Exploiting Schema Inference in Apache Spark

#spark #scala #bigdata #datascience

One of the greatest feature of Apache Spark is it’s ability to infer the schema on the fly. Reading the data and generating a schema as you go although being easy to use, makes the data reading itself slower. However, there is a trick to generate the schema once, and then just load it from disk. Let’ dive in!

For the sake of this article, let’s assume that we are using data with complex data structure, where creating a case class or struct type of any kind would be a hundred lines long.

Saving the Schema

Let’s begin with reading some sample data and enforcing a schema inference on it. Using Apache Spark and Scala language, this can be done like following:

val carsDf = spark.read
    .option("inferSchema", "true")
    .json("src/main/resources/data/cars.json")

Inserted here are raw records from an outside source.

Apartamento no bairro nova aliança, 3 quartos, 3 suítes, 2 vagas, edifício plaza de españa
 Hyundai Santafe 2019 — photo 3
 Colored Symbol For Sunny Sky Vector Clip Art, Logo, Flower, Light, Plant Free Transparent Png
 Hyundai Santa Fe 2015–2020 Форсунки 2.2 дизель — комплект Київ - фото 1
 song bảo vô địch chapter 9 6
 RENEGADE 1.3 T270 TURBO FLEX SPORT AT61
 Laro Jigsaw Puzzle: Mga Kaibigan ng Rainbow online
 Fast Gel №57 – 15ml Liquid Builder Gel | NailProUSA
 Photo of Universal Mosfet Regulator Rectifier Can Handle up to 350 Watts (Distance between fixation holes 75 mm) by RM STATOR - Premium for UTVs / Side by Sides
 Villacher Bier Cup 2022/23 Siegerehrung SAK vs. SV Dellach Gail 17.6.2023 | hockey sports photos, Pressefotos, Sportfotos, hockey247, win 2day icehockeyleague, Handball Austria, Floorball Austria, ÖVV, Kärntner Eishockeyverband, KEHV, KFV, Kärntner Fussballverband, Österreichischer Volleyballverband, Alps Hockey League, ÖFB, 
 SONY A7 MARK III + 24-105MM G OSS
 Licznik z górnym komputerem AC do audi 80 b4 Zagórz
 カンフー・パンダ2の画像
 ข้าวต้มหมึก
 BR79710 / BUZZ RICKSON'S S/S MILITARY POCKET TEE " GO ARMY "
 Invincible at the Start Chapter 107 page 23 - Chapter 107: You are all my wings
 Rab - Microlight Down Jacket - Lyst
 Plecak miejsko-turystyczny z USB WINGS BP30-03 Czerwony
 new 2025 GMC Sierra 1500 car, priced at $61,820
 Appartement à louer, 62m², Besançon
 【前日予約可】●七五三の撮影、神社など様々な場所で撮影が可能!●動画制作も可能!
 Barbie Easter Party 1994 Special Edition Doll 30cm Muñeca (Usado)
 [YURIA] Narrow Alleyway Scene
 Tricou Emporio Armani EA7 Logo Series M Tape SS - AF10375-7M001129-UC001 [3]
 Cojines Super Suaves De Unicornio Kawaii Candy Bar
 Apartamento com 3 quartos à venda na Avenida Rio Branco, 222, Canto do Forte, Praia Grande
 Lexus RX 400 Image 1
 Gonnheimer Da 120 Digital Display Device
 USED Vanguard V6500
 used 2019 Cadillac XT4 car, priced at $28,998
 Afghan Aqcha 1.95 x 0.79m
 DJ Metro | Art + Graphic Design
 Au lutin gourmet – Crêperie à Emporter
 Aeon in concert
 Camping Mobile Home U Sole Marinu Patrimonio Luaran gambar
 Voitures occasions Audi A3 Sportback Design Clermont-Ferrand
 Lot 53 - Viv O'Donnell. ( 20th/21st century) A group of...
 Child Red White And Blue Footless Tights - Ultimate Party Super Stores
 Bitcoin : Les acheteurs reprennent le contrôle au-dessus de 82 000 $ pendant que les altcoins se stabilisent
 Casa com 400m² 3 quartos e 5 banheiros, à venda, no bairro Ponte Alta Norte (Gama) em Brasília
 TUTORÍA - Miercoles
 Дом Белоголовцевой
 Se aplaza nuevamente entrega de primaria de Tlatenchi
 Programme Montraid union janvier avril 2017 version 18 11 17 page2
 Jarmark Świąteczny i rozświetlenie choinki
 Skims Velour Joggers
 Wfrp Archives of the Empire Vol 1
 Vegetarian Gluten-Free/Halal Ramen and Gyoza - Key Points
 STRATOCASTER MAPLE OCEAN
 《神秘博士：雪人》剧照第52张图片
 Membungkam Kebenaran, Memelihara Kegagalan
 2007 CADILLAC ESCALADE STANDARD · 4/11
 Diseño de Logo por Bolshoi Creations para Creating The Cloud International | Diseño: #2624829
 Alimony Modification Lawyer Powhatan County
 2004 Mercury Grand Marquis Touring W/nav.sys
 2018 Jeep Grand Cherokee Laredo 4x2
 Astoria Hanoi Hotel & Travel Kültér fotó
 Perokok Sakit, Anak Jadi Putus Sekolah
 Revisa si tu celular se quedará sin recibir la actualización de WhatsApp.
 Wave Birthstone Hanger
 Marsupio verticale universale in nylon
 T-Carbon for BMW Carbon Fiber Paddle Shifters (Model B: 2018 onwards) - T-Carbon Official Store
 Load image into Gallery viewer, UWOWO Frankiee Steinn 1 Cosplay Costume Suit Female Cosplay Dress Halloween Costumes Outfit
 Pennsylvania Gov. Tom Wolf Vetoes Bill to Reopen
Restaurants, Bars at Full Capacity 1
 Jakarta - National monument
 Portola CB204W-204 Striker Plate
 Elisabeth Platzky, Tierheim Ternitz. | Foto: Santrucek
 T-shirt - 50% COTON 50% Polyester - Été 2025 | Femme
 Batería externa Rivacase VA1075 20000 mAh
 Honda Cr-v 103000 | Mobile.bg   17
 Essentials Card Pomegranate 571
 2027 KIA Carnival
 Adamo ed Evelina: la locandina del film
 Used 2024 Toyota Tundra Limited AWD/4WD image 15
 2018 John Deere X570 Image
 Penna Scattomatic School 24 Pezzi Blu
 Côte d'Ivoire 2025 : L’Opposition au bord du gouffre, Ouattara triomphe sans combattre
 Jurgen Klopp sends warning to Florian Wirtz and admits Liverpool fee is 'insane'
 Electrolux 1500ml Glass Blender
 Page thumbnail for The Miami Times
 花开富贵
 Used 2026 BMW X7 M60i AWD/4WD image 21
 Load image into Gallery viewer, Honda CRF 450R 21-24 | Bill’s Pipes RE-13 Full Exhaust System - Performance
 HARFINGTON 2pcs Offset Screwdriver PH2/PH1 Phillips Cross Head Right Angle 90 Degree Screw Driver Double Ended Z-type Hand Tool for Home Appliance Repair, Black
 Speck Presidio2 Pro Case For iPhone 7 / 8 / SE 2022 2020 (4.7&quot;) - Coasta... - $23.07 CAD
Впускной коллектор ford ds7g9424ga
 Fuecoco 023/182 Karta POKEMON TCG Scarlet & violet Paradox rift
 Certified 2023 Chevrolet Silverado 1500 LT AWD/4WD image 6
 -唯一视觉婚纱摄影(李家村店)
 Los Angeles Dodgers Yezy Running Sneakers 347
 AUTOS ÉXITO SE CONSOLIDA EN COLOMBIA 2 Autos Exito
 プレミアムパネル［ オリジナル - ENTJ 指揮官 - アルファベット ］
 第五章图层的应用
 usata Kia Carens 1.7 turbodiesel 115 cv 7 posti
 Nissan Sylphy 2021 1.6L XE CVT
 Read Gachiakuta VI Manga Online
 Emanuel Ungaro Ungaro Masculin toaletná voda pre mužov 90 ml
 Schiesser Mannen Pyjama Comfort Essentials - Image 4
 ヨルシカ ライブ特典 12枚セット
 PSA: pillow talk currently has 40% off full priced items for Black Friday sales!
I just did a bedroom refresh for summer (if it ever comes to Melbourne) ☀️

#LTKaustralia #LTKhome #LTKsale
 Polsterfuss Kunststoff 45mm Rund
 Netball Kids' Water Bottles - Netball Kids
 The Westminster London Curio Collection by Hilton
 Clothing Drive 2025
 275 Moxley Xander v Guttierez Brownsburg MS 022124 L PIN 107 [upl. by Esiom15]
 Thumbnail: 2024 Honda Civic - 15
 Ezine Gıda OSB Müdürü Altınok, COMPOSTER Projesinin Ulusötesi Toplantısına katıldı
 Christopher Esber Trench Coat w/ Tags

I read a sample JSON file (cars.json) to a DataFrame called carsDf. A sample record of this dataset looks like the following:

{
   "Name":"chevrolet chevelle malibu",
   "Miles_per_Gallon":18,
   "Cylinders":8,
   "Displacement":307,
   "Horsepower":130,
   "Weight_in_lbs":3504,
   "Acceleration":12,
   "Year":"1970-01-01",
   "Origin":"USA"
}

As we can see above, the schema is fairly straight forward to understand. Now, let’s see what Spark has managed to infer from it:

val schemaJson = carsDf.schema.json
println(schemaJson)

The output of this action can be something like this:

{
   "type":"struct",
   "fields":[
      {
         "name":"Acceleration",
         "type":"double",
         "nullable":true,
         "metadata":{

         }
      },
      {
         "name":"Cylinders",
         "type":"long",
         "nullable":true,
         "metadata":{

         }
      },
      {
         "name":"Displacement",
         "type":"double",
         "nullable":true,
         "metadata":{

         }
      },
      {
         "name":"Horsepower",
         "type":"long",
         "nullable":true,
         "metadata":{

         }
      },
      {
         "name":"Miles_per_Gallon",
         "type":"double",
         "nullable":true,
         "metadata":{

         }
      },
      {
         "name":"Name",
         "type":"string",
         "nullable":true,
         "metadata":{

         }
      },
      {
         "name":"Origin",
         "type":"string",
         "nullable":true,
         "metadata":{

         }
      },
      {
         "name":"Weight_in_lbs",
         "type":"long",
         "nullable":true,
         "metadata":{

         }
      },
      {
         "name":"Year",
         "type":"string",
         "nullable":true,
         "metadata":{

         }
      }
   ]
}

That is how Spark defines the schema it managed to infer. Now, this information would have to be recreated every time we launch our Spark job. When doing development, there is a lot of that, and so we are losing a lot of time on recreation of that schema. Let’s try to generate it once and reuse in consecutive reads.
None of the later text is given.